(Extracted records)
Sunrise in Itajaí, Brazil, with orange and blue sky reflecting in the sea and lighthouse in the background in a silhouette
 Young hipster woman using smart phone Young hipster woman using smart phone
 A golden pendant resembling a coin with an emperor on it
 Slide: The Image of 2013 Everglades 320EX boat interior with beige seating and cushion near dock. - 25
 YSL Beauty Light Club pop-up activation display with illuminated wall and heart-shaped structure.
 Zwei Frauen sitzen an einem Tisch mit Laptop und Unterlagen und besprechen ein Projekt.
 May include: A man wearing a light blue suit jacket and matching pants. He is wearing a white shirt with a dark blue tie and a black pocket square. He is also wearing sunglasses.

> TASK BRIEF
Where does the string "blue" appear in the records? Copy every line that holds it.

> RESPONSE TO THE EXERCISE
Sunrise in Itajaí, Brazil, with orange and blue sky reflecting in the sea and lighthouse in the background in a silhouette
 May include: A man wearing a light blue suit jacket and matching pants. He is wearing a white shirt with a dark blue tie and a black pocket square. He is also wearing sunglasses.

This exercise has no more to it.